We had talked about wanting to put out the record even before the pandemic was taking off. I think the pandemic bringing us back inside really sparked some momentum about also then wanting to put out the record during this time because of how I think our feelings, emotions, and temperament from being forced inside really resonates with the work itself.

I think there was this idea of the record being very healing and something that brings lots of relief to us. We felt like right now the record also is very useful for us especially now and we thought it would be meaningful to share at this moment to maybe help other people or to offer this to other people as something that they could also use at this moment.

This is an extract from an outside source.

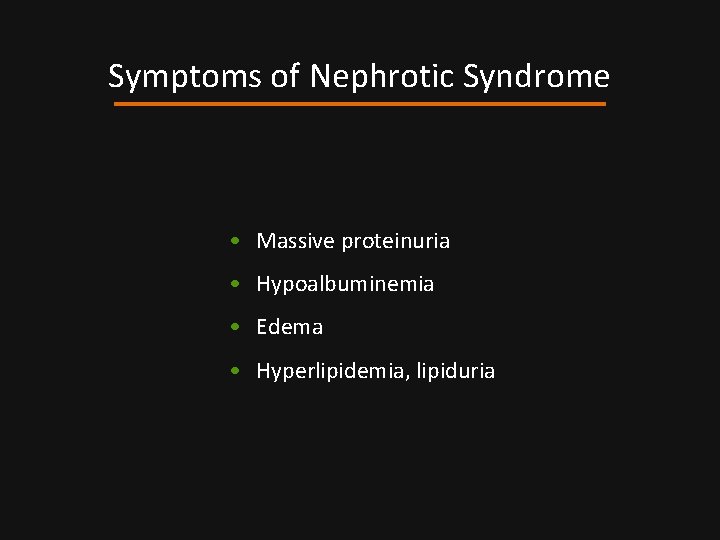 Symptoms of Nephrotic Syndrome • Massive proteinuria • Hypoalbuminemia • Edema • Hyperlipidemia, lipiduria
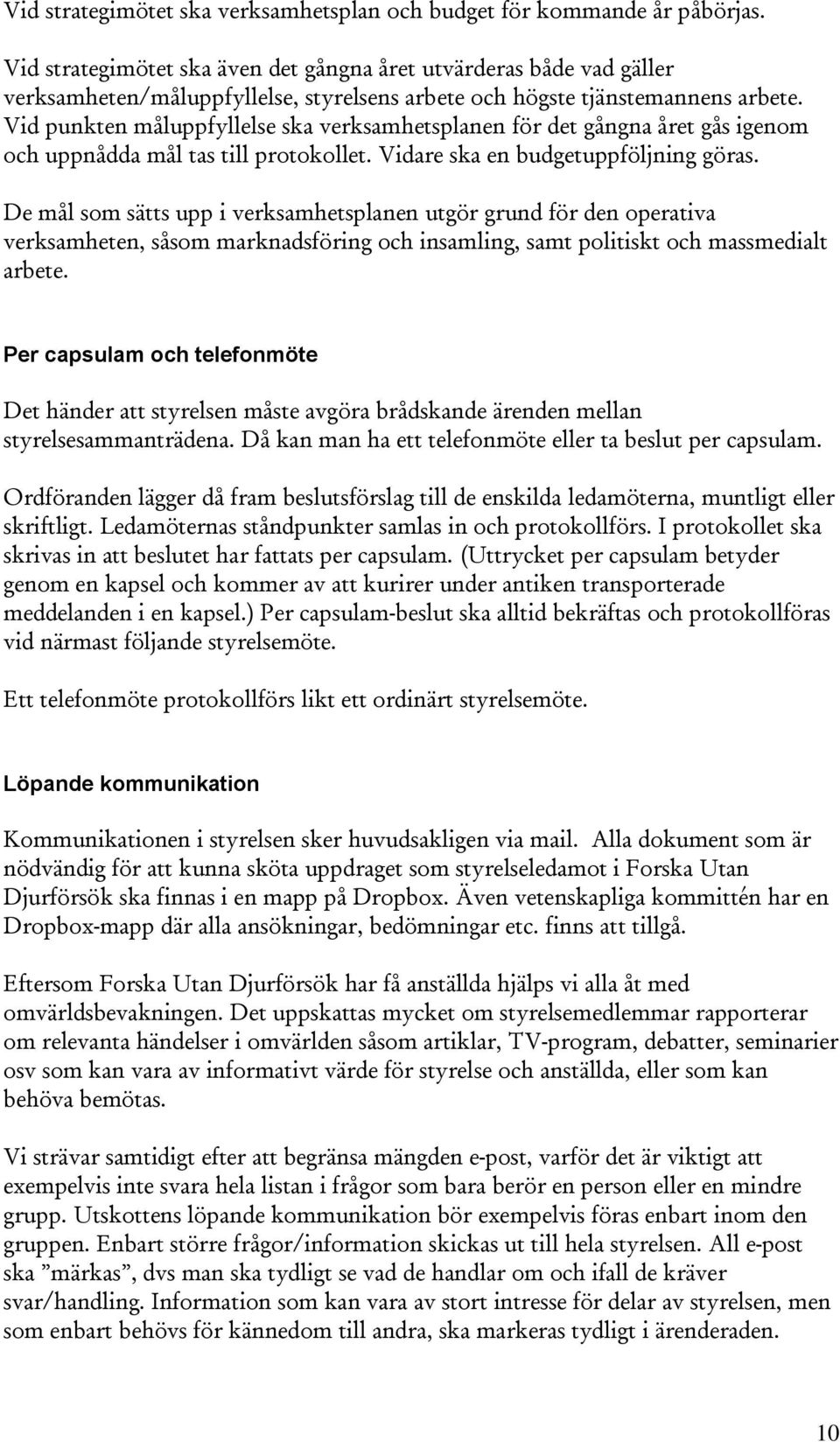 Vid punkten måluppfyllelse ska verksamhetsplanen för det gångna året gås igenom och uppnådda mål tas till protokollet. Vidare ska en budgetuppföljning göras.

There really is a despair that comes out of the fact that systems of white supremacy and racism are not just things that affect us physically or in a tactile way, but they really do trickle down to this emotional, psychological damage, which affects me and I think it affects other artists in ways where we don't feel like we can be creative any longer or we don't feel like we can express our creativity to other people, not just because it might not be the right time, but I think also because we're so distracted in the moment and our energy is being put towards other things. Toni Morrison talks about racism as being a distraction from the kind of beautiful moments in our everyday life that we really should be spending our time around and there's a real case to be made that white supremacy and racism have a distracting effect. I don't want this moment to result in me feeling like I can't create or that I can't share my creativity with others, so it becomes a very important time for me to put out this record. It really becomes an act of self-expression against a world that is really trying to stifle and silence my creativity and my creative expression.